Starting at the first line of the data, print each line verbatim up to and including the line bearing "Imagen de cocinas", omitting pictures.

*** Block opens ***

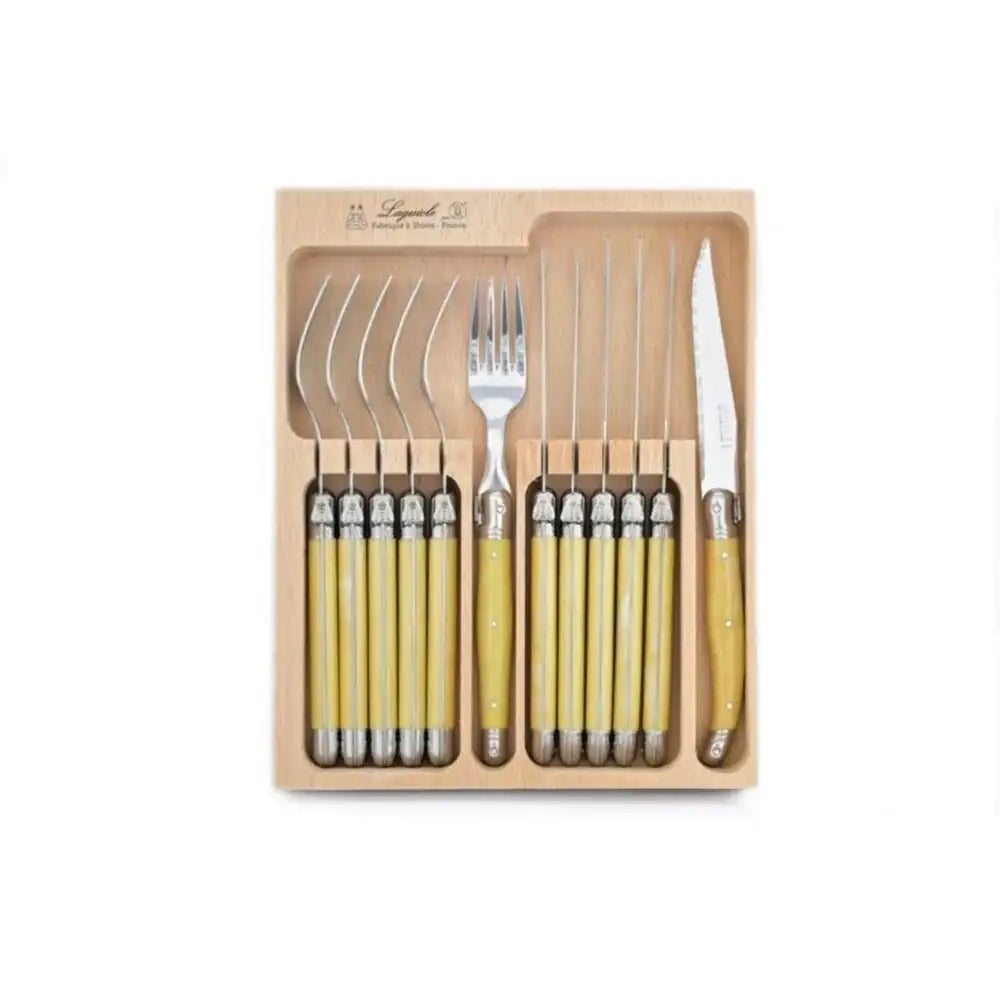 Set of cutlery with yellow handles in a wooden box on a white background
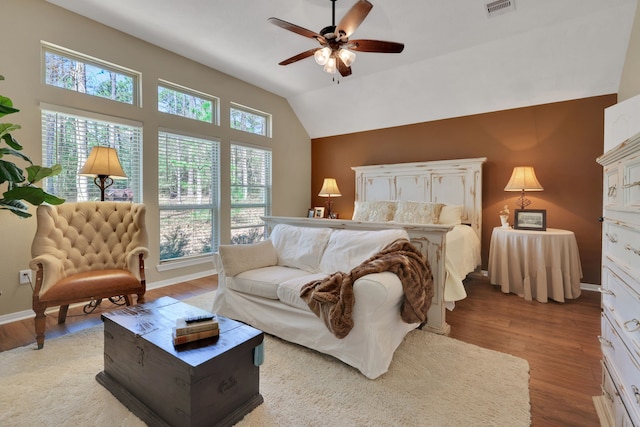 bedroom with visible vents, vaulted ceiling, baseboards, and wood finished floors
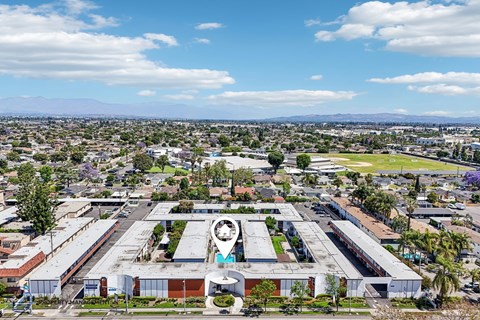 A large industrial building with a circular logo on the front.
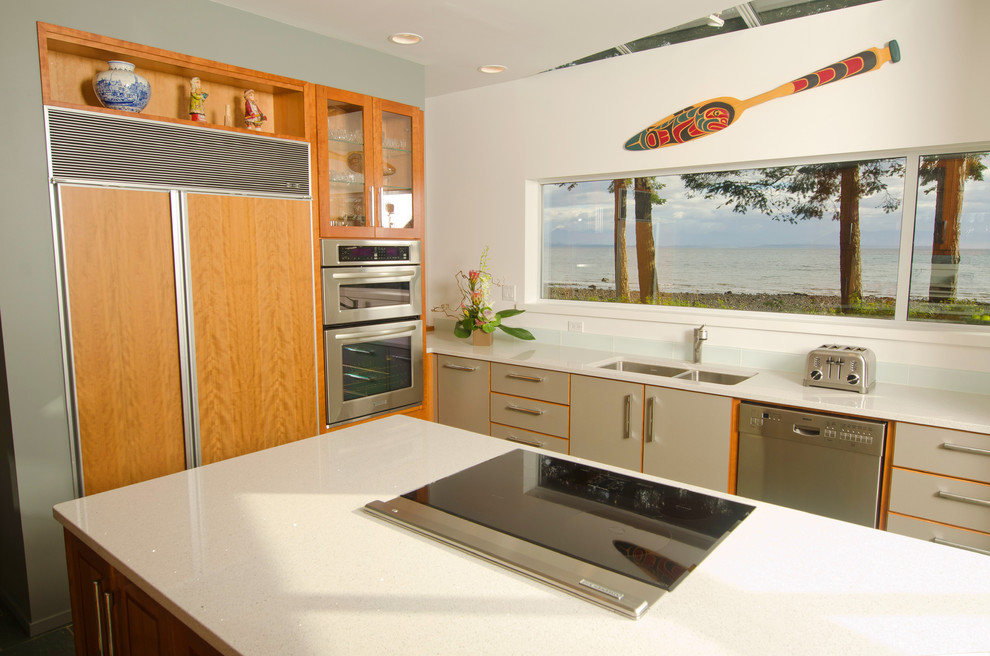 Imagen de cocinas en L minimalista con armarios con paneles lisos, puertas de armario grises, salpicadero azul, salpicadero de azulejos de vidrio y electrodomésticos con paneles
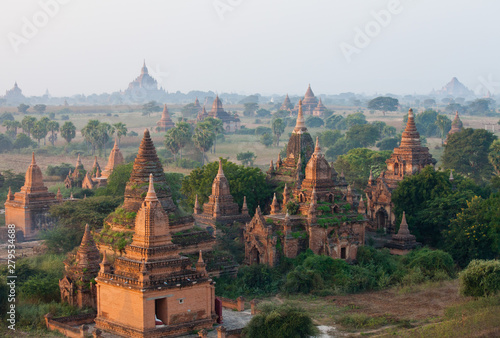 Orange mystical sunrise landscape view with silhouettes of old ancient temples and palm trees in dawn fog from balloon, Bagan, Myanmar. Burma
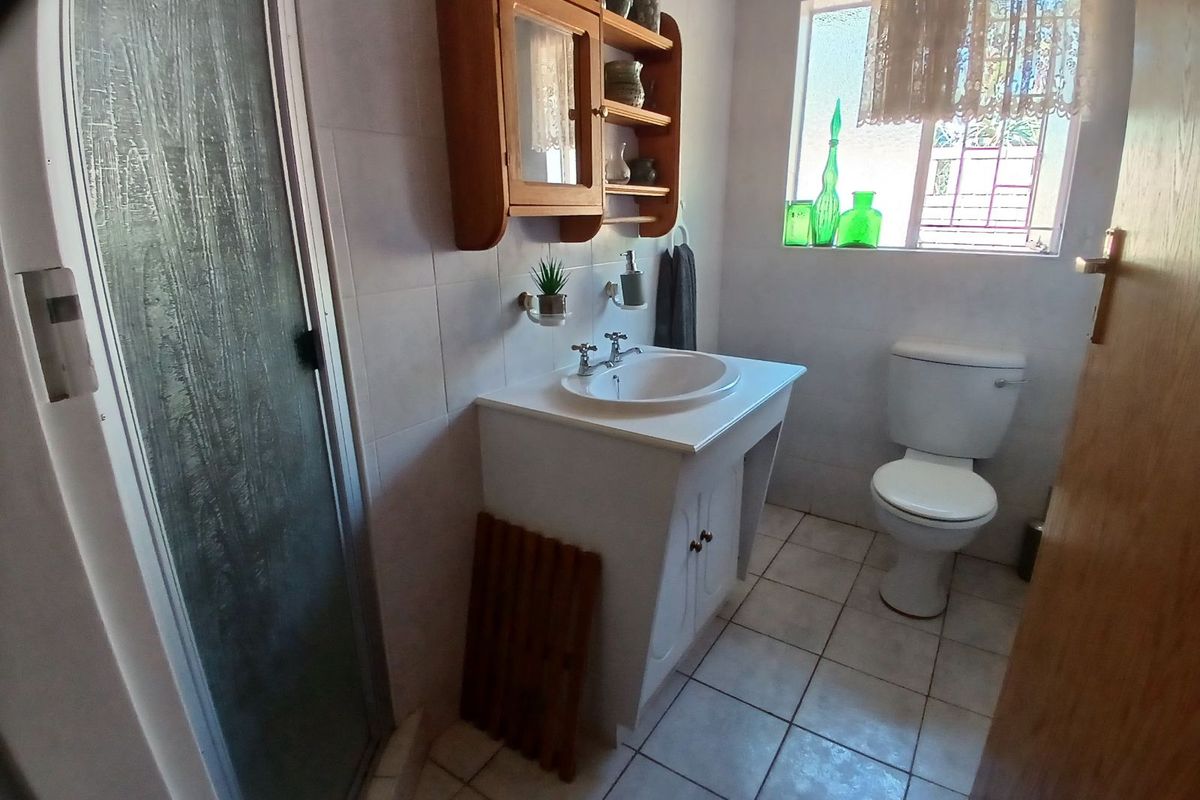 A functional bathroom featuring a shower enclosure, a vanity with a basin, and a toilet, finished with neutral wall and floor tiles.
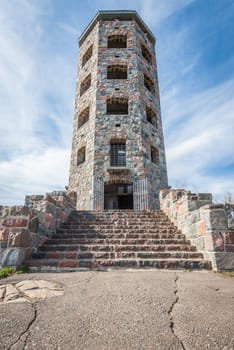 Front entrace of a stone tower during autumn time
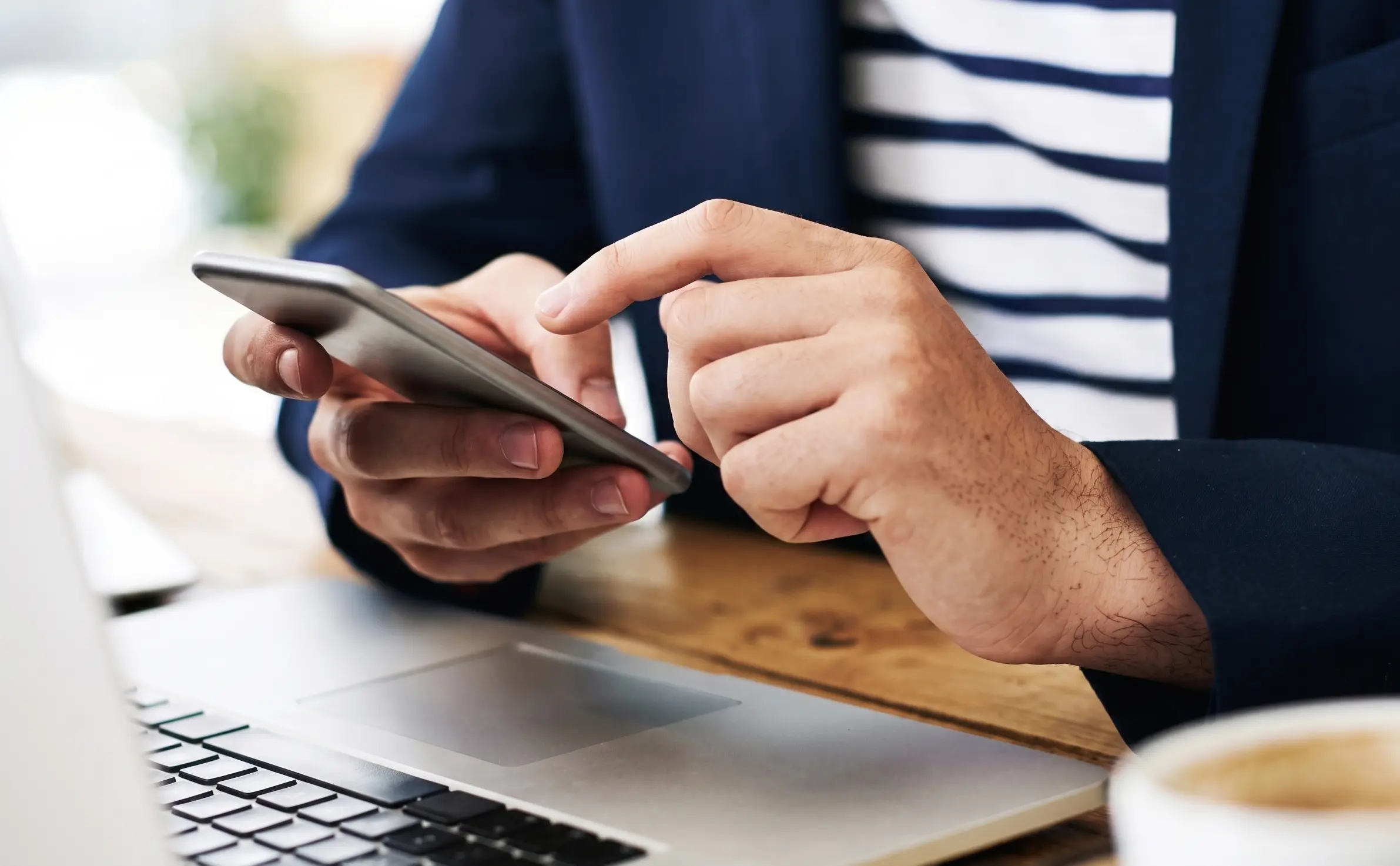 Man on phone behind laptop.png Persoon achter laptop op telefoon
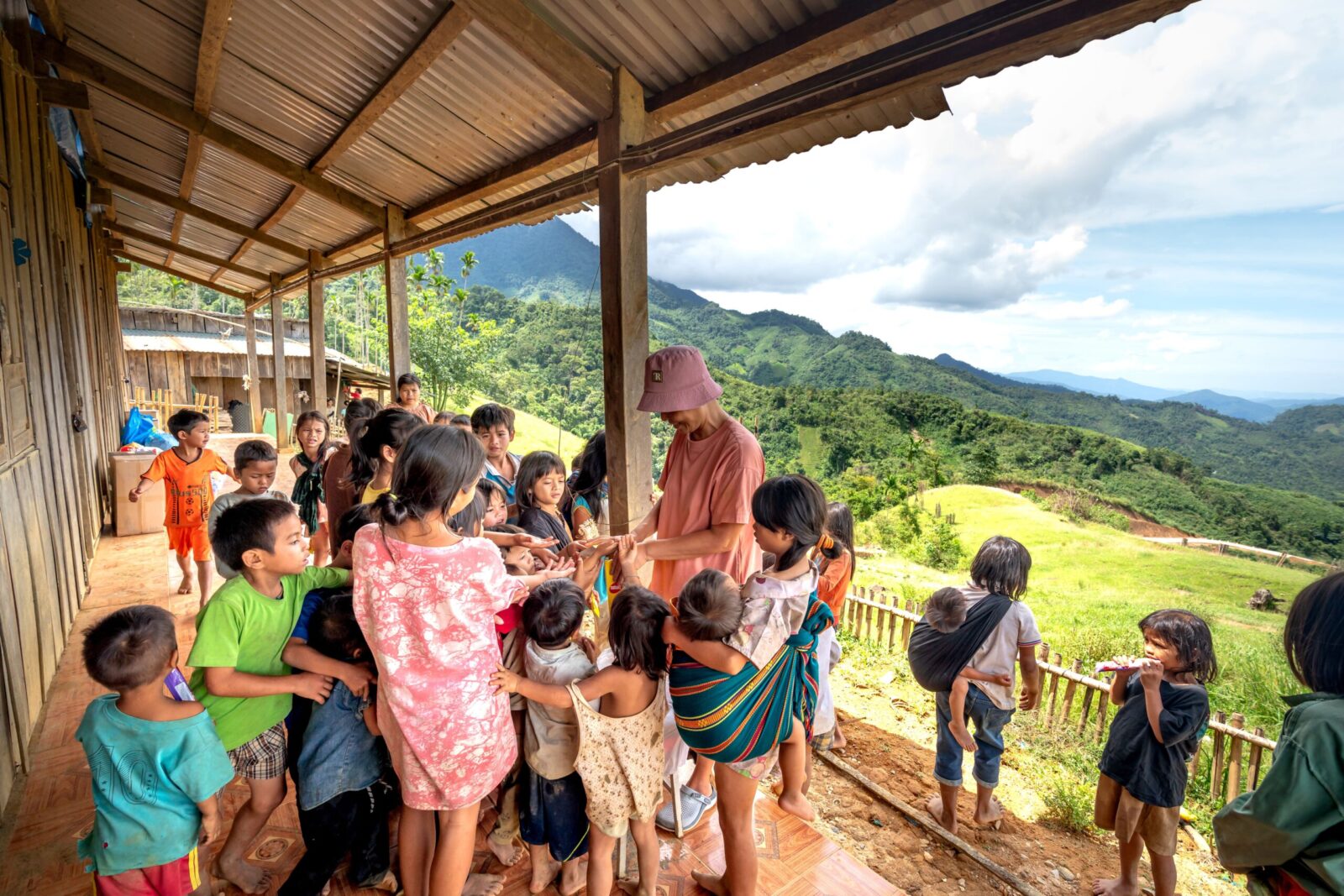 A group of children gather on a terrace overlooking rolling hills and mountains on a sunny day.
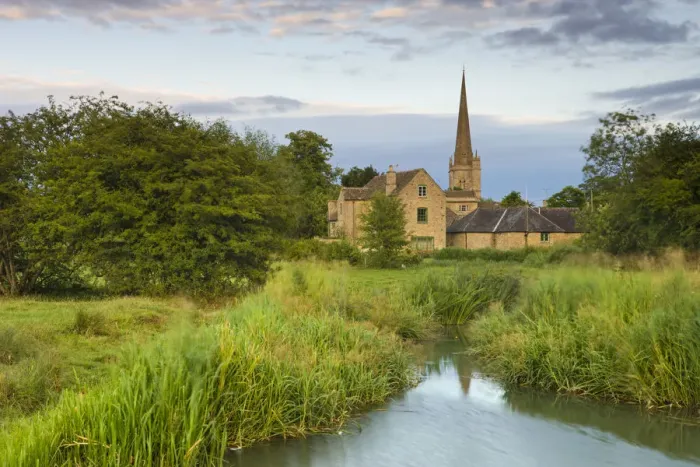 Framed Print : Burford Mill and Church viewed from the River Windrush in the water meadows, Burford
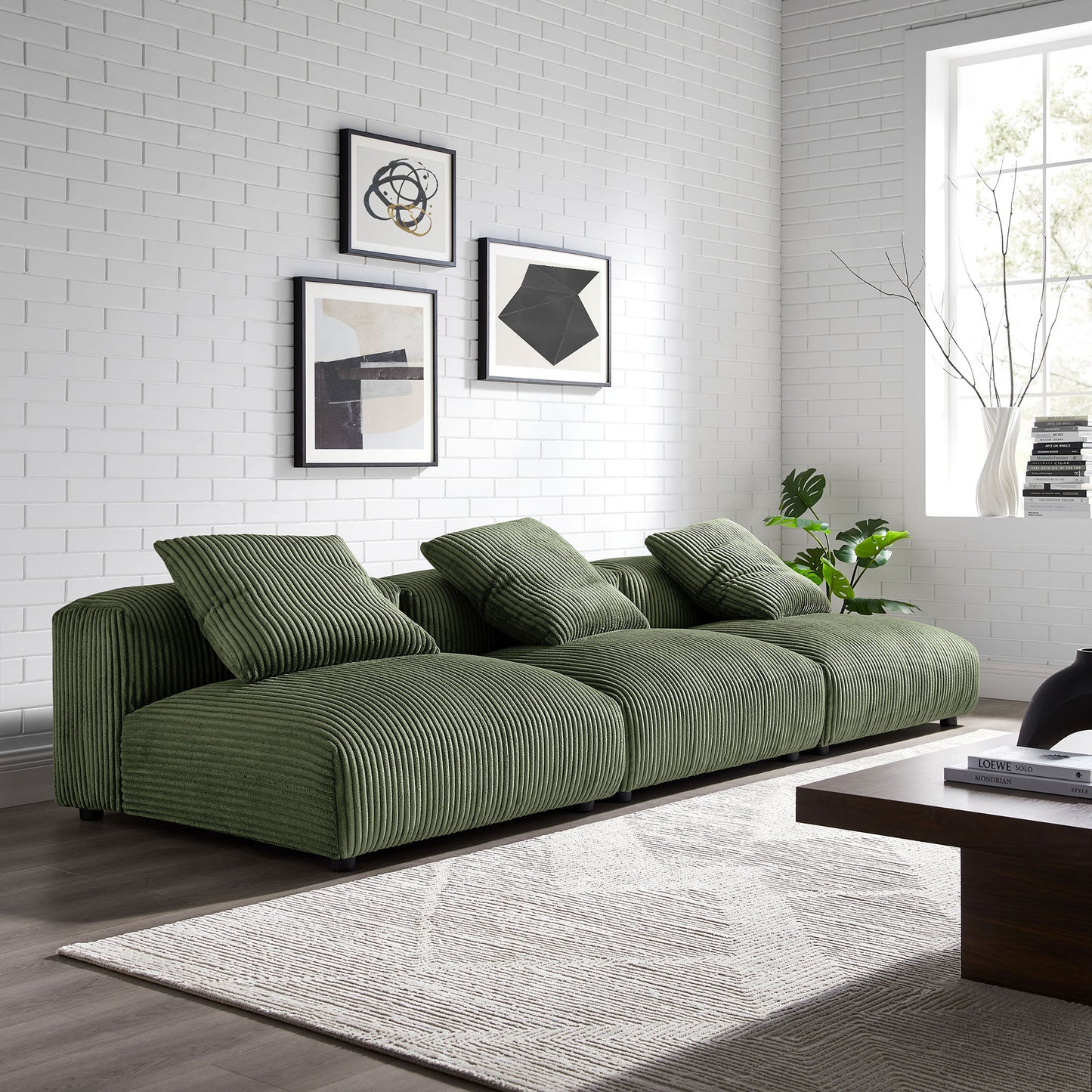 Olive green corduroy modular sofa in a white brick living room with abstract art, rug, and dark wood coffee table.
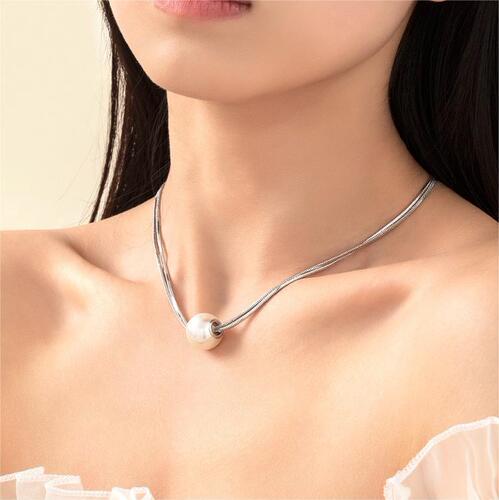 Double-layer stacked pearl titanium steel necklace, fashionable and elegant, versatile clavicle chain for women with elegant niche design.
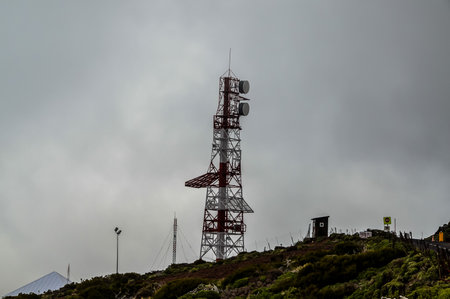 A tall tower with a red and white top sits on a hill. The sky is cloudy and the weather is overcastの写真素材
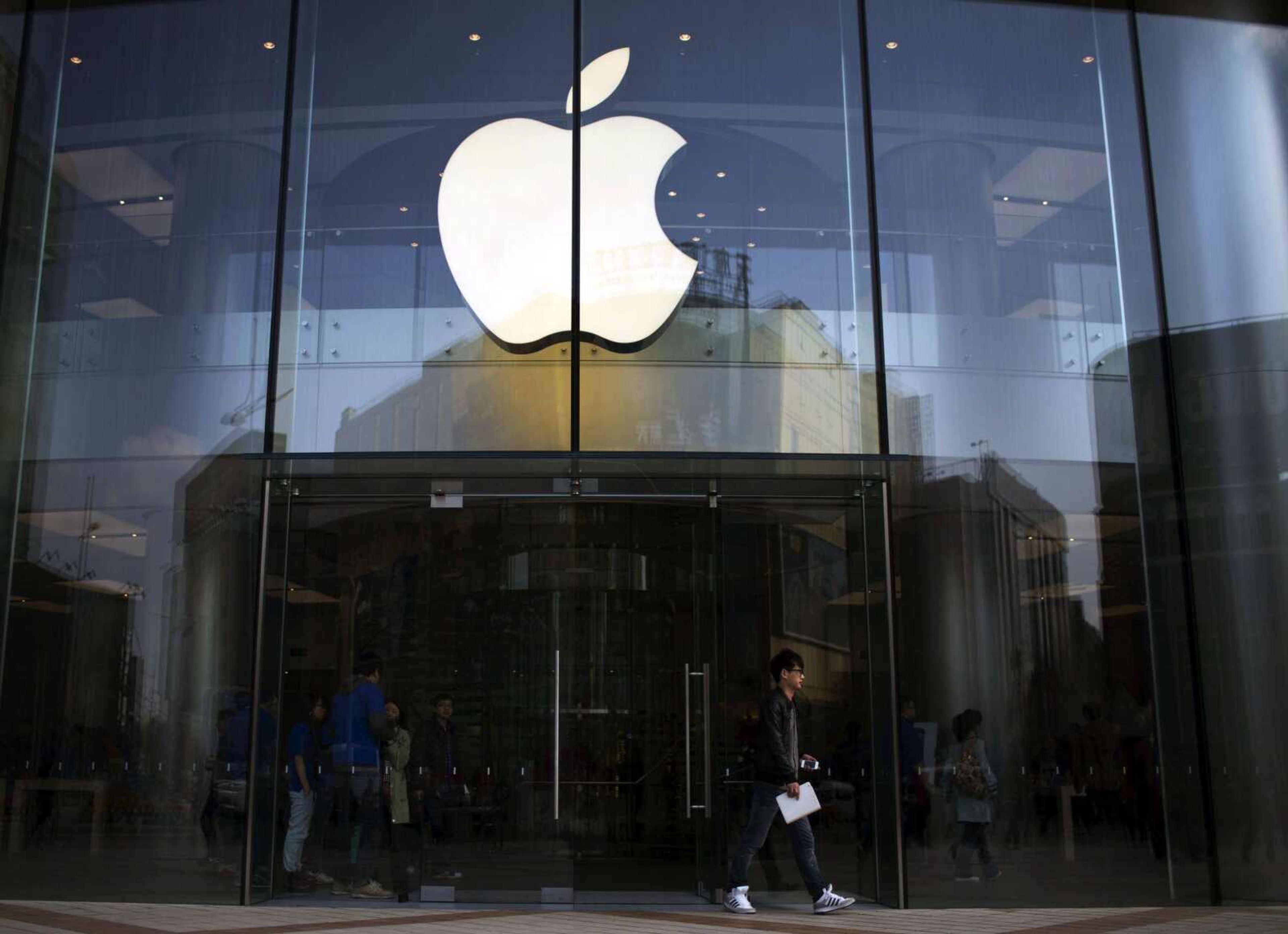 In this Monday April 1, 2013 photo, a man leaves an Apple store with an iPhone and an iPad in his hands in central Beijing, China. Apple Inc., the maker of the iPhone and iPad, reports quarterly financial results after the market closes on Tuesday. April 23, 2013. (AP Photo/Alexander F. Yuan)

*** Block closes ***

◆ **EXERCISE OUTPUT**:
 Set of cutlery with yellow handles in a wooden box on a white background
 bedroom with visible vents, vaulted ceiling, baseboards, and wood finished floors
 A large industrial building with a circular logo on the front.
 Imagen de cocinas en L minimalista con armarios con paneles lisos, puertas de armario grises, salpicadero azul, salpicadero de azulejos de vidrio y electrodomésticos con paneles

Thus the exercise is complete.